Photo: Example of 3D-printed prostheses from Mich Ebelings “Not Impossible Project” in Sudan.

More information: http://globalstories.tudelft.nl/story/paul-breedveld/

 

Tree Frog-Inspired Gripping

This research project is funded by the Netherlands Organization for Scientific Research NWO.

Grip between heterogeneous objects can be weak or strong, permanent or reversible, and load dependent or load independent. In some cases, grip needs to be very strong (e.g., aircraft fuselage parts), whereas in other cases it has to be deliberately weak (e.g., screen protection foil for your smartphone). Office tape has to be reversible, whereas a broken vase should be permanently glued back together. A staple can be applied by piercing it through the paper, whereas a surgical gripper should grab soft organs without damaging them.

Grip that is strong, load independent, and reversible at the same time is a great challenge in engineering. Nature, on the other hand, manages quite well: Geckos, for example, can walk on tilted surfaces due to adhesive forces between their toes and the substrate. The stickiness is more than enough to carry the gecko’s weight, but the animal can still easily peel its feet from the surface during walking. Tree frogs can grip on wet, or even flooded, surfaces. Furthermore, their toe pads are soft, thereby eliminating the risk of causing normal stresses to the objects the animal grips upon. With a single foot, tree frogs generate gripping forces strong enough to 100 times carry their weight. Still, tree-frog grip is reversible: The animal detaches from a substrate by peeling its toes off.

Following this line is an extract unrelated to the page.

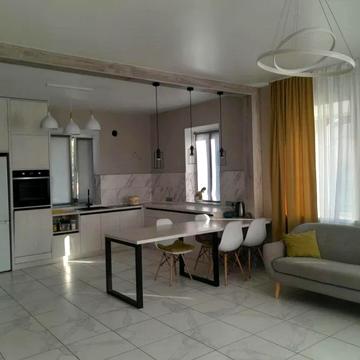 Антіна Синявського вул. (40 років Комсомолу)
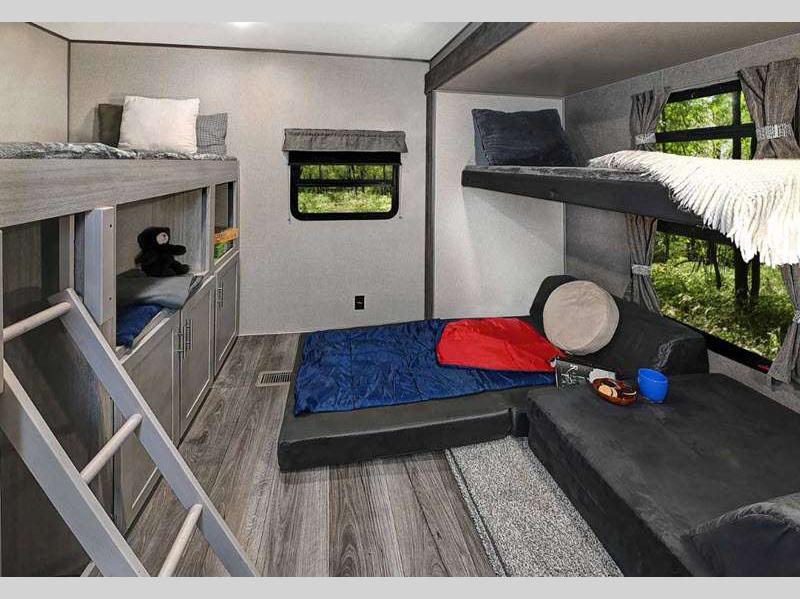 Catalina Legacy bunkhouse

The goal of this research project is to gain insight into adhesion on wet and soft surfaces and, inspired by the tree-frog adhesive apparatus, to develop artificial systems that are able to reversibly but firmly grip to objects while minimizing normal stresses.

 

Ultra-Thin Steerable Needle for Solid-Organ Interventions – WASP

This research project is part of the iMIT program and funded by the Netherlands Organization for Scientific Research NWO. The iMIT Program, executed by a community of Dutch Universities, university medical centers, and companies, aims to develop instruments for minimally invasive interventions. The program will result in the development of interactive Multi-Interventional Tools (iMIT)  that can adapt to their environment and integrate diagnostic and therapeutic functionalities, thus permitting effective single-procedure interventions.

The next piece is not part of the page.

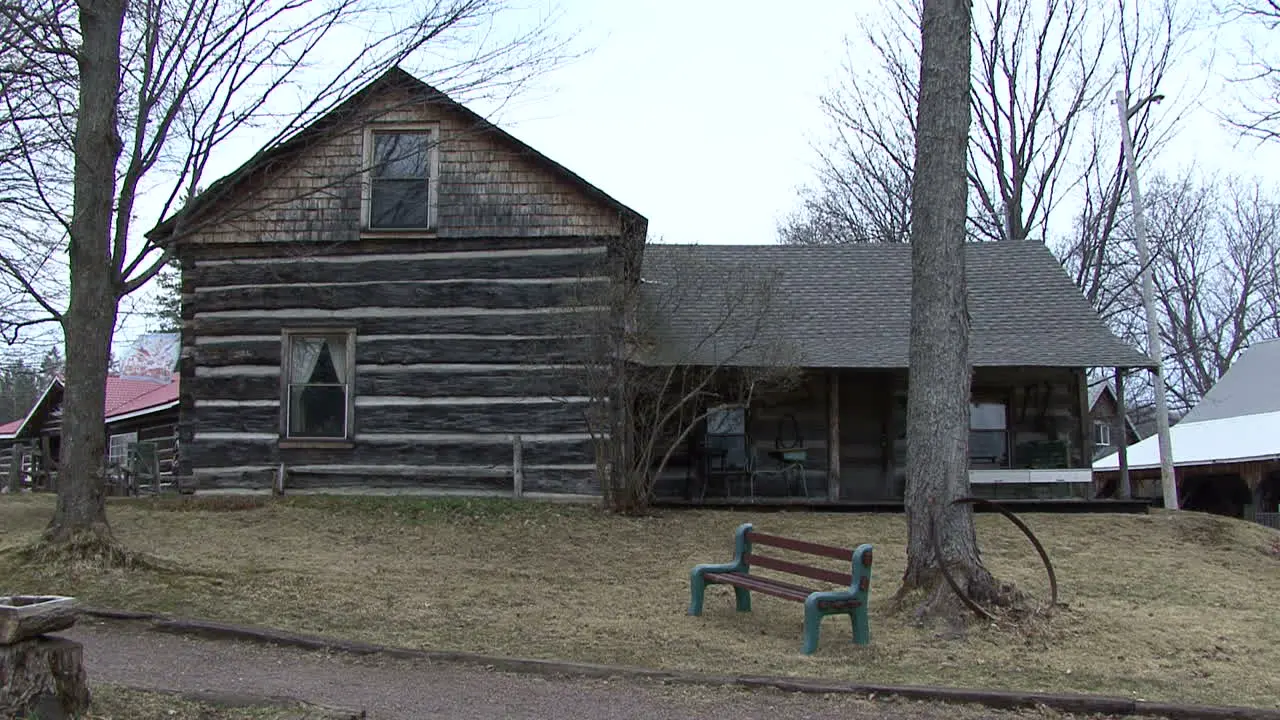 Michigan log house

The WASP project focuses on medical needles – common devices used in minimally invasive percutaneous procedures, such as localized therapeutic drug delivery or tissue sample removal (biopsy). Reaching the target with high accuracy and precision is necessary for the success of these procedures and becomes a challenge when the target is located deep inside the body. The surgeon needs a steerable flexible needle that can follow complex curved trajectories while avoiding sensitive structures, such as blood vessels, located along the trajectory between the insertion point and the target site. Looking in nature we find an interesting behavior in wasps which can be used as source of inspiration for facing this challenge. The wasp has a thin and flexible needle-like structure, called ovipositor, used for laying eggs into larvae hidden inside fruits or wood. It is composed of three longitudinal segments, called valves, that can be actuated individually and independently of each other with musculature located in the abdomen of the insect. In this way the wasp steers the ovipositor along curved trajectories inside different substrates without a need for rotatory motion or axial push.

Inspired by the anatomy and the steering mechanism of this needle-like structure we aim to develop an ultra-thin steerable needle that can follow curved paths through complex solid organs while avoiding obstacles.